Highly Magnetized Encoded Hydrogel Microparticles with Enhanced Rinsing Capabilities for Efficient microRNA Detection

Abstract

Encoded hydrogel microparticles mounting DNA probes are powerful tools for high-performance microRNA (miRNA) detection in terms of sensitivity, specificity, and multiplex detection capability. However, several particle rinsing steps in the assay procedure present challenges for rapid and efficient detection. To overcome this limitation, we encapsulated dense magnetic nanoparticles to reduce the rinsing steps and duration via magnetic separation. A large number of magnetic nanoparticles were encapsulated into hydrogel microparticles based on a discontinuous dewetting technique combined with degassed micromolding lithography. In addition, we attached DNA probes targeting three types of miRNAs related to preeclampsia to magnetically encoded hydrogel microparticles by post-synthesis conjugation and achieved sensitivity comparable to that of conventional nonmagnetic encoded hydrogel microparticles. To demonstrate the multiplex capability of magnetically encoded hydrogel microparticles while maintaining the advantages of the simplified rinsing process when addressing multiple samples, we conducted a triplex detection of preeclampsia-related miRNAs. In conclusion, the introduction of magnetically encoded hydrogel microparticles not only allowed efficient miRNA detection but also provided comparable sensitivity and multiplexed detectability to conventional nonmagnetic encoded hydrogel microparticles.

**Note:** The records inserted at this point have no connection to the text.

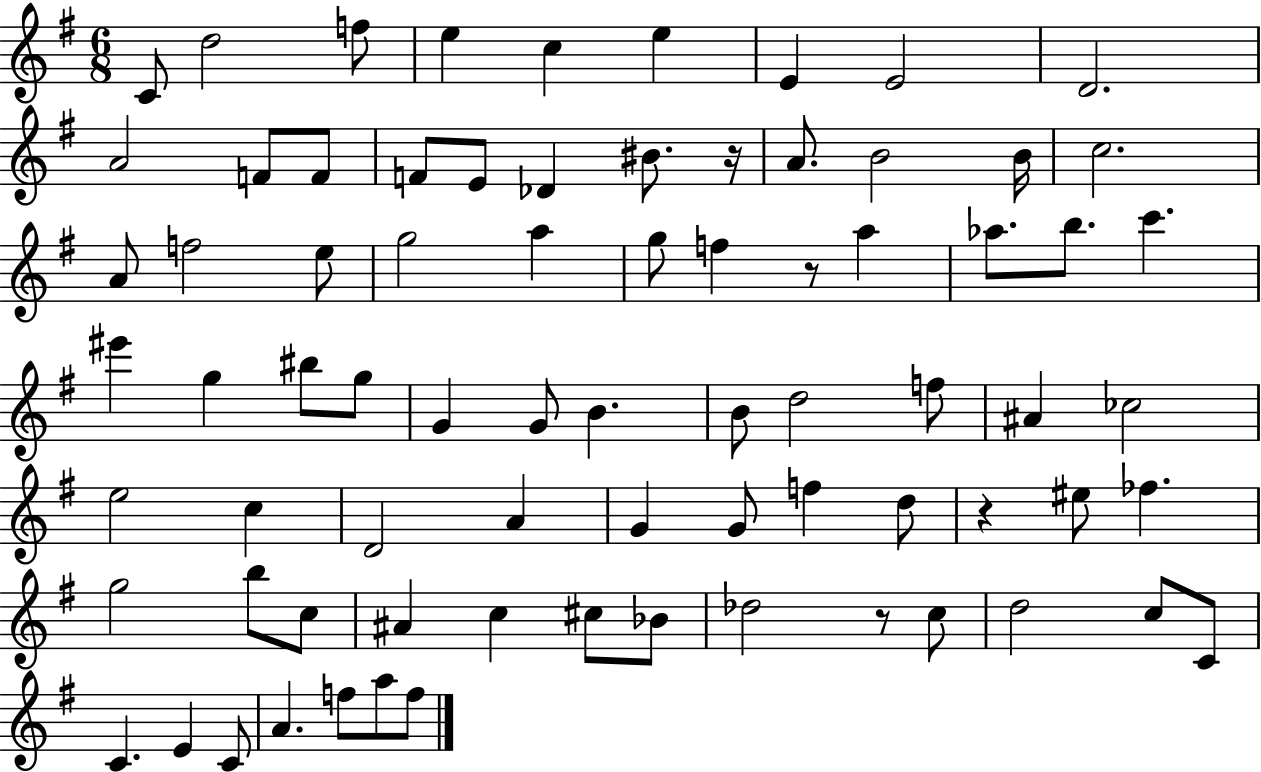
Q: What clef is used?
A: treble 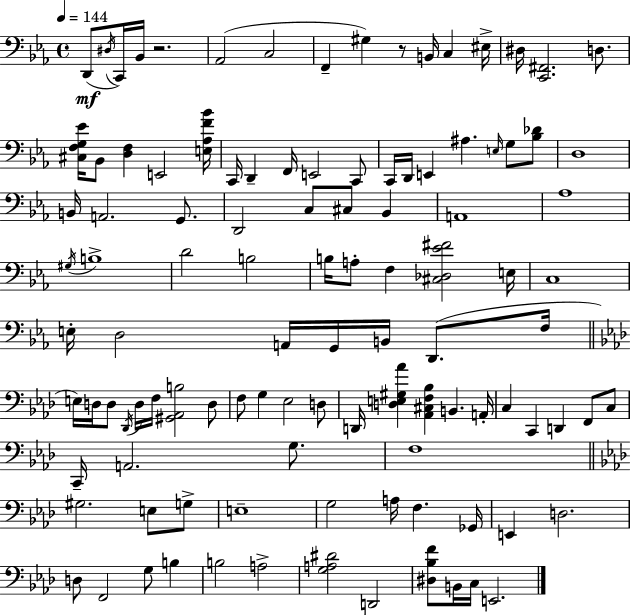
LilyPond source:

{
  \clef bass
  \time 4/4
  \defaultTimeSignature
  \key ees \major
  \tempo 4 = 144
  d,8(\mf \acciaccatura { dis16 } c,16) bes,16 r2. | aes,2( c2 | f,4-- gis4) r8 b,16 c4 | eis16-> dis16 <c, fis,>2. d8. | \break <cis f g ees'>16 bes,8 <d f>4 e,2 | <e aes f' bes'>16 c,16 d,4-- f,16 e,2 c,8 | c,16 d,16 e,4 ais4. \grace { e16 } g8 | <bes des'>8 d1 | \break b,16 a,2. g,8. | d,2 c8 cis8 bes,4 | a,1 | aes1 | \break \acciaccatura { gis16 } b1-> | d'2 b2 | b16 a8-. f4 <cis des ees' fis'>2 | e16 c1 | \break e16-. d2 a,16 g,16 b,16 d,8.( | f16 \bar "||" \break \key f \minor e16) d16 d8 \acciaccatura { des,16 } d16 f16 <gis, aes, b>2 d8 | f8 g4 ees2 d8 | d,16 <d e gis aes'>4 <aes, cis f bes>4 b,4. | a,16-. c4 c,4 d,4 f,8 c8 | \break c,16-- a,2. g8. | f1 | \bar "||" \break \key f \minor gis2. e8 g8-> | e1-- | g2 a16 f4. ges,16 | e,4 d2. | \break d8 f,2 g8 b4 | b2 a2-> | <g a dis'>2 d,2 | <dis bes f'>8 b,16 c16 e,2. | \break \bar "|."
} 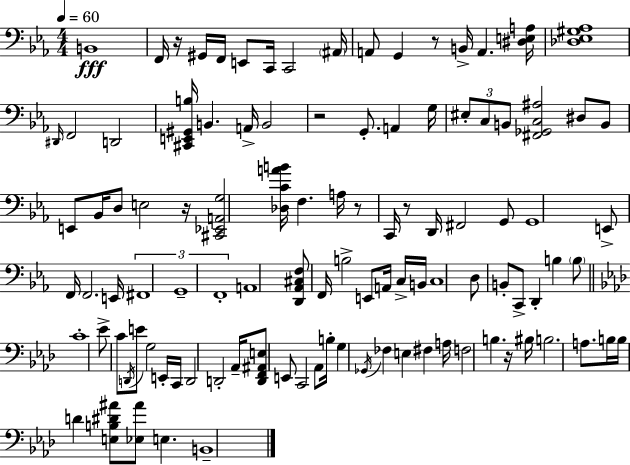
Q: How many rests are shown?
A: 7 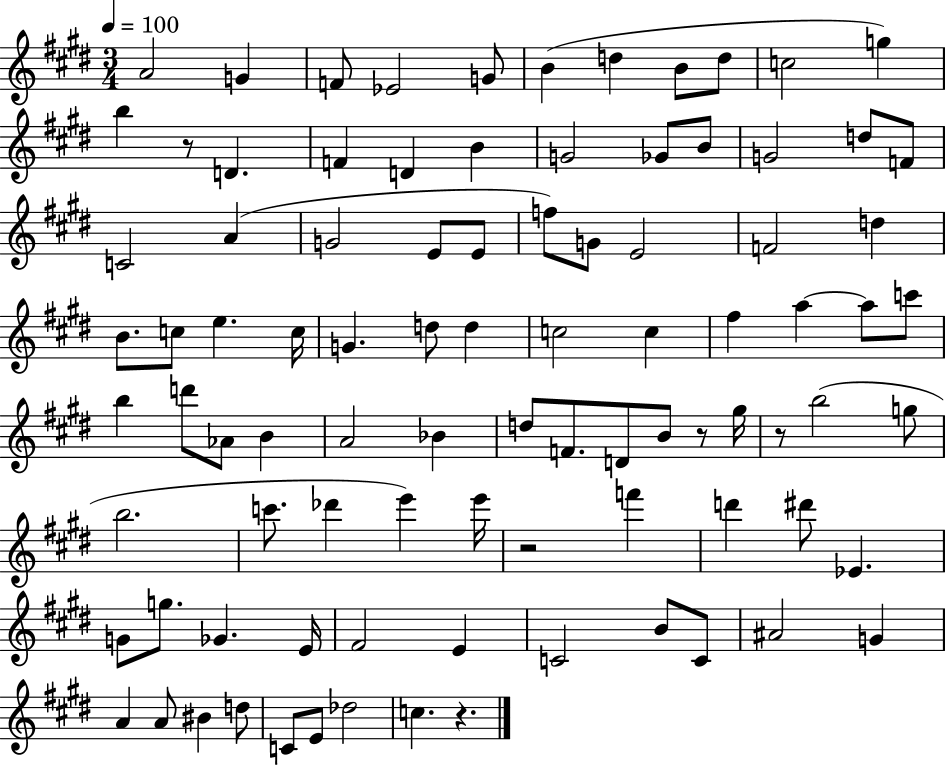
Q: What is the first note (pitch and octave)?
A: A4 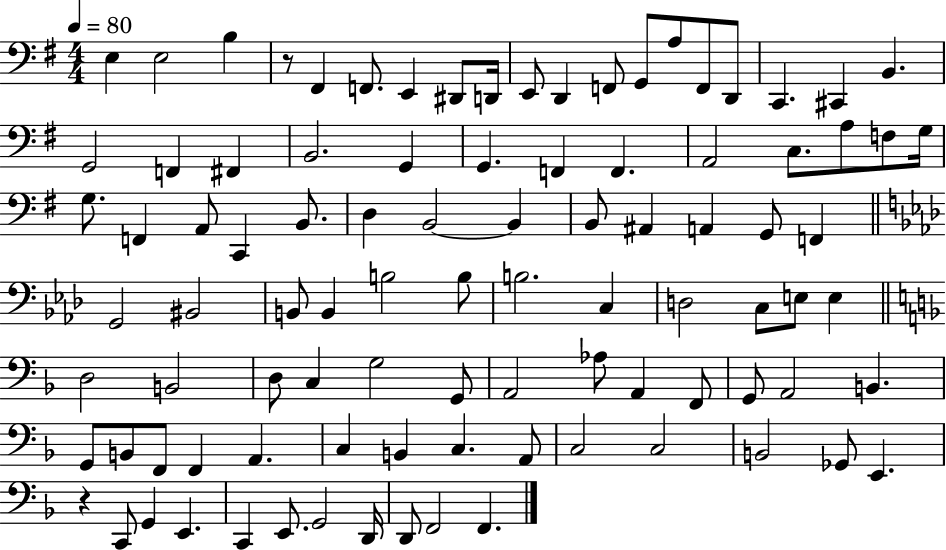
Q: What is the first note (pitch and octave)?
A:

Keywords: magnetic hydrogel; microRNA detection; microparticles; preeclampsia.

Figure 1

Overview of magnetic hydrogel microparticle synthesis and post-synthesis probe conjugation. (a) Scheme of discontinuous dewetting on a degassed PDMS mold. UV light is exposed in a vacuum chamber to offset the oxygen inhibition effect. (b) Bright-field images of synthesized magnetic microparticles. (c) Conjugation of thiolated FAM probes to magnetic microparticles via post-synthesis conjugation. (d) Fluorescence intensities of microparticles depending on blocking treatment for unreacted double bonds. Scale bars are 100 μm.

Figure 2

Magnetization value of magnetic hydrogel particles according to the intensities of an applied magnetic field. The inset is a linearized graph using the reciprocal of the magnetic field as the x-axis.

Figure 3

Probe loading densities in microparticles depending on UV exposure time.

Figure 4

miRNA singleplex detection results using magnetic hydrogel microparticles. (a) Grayscale fluorescence images of particles observed during singleplex detection. Scale bars are 20 μm. (b) Background-subtracted fluorescence intensities of the particles. Inset is signal-to-noise ratio, signal values divided by corresponding standard deviations. LOD is the x value where each line intersects with y = 3.

Figure 5

Multiplexed detection of three pre-eclampsia related miRNAs (miR-18a, miR-29a, and miR-210). The multiplexed detection was conducted for eight combinations of samples depending on the presence (+) or absence (−) of each target. The vertical bar graph indicates average fluorescence intensities of each target miRNA.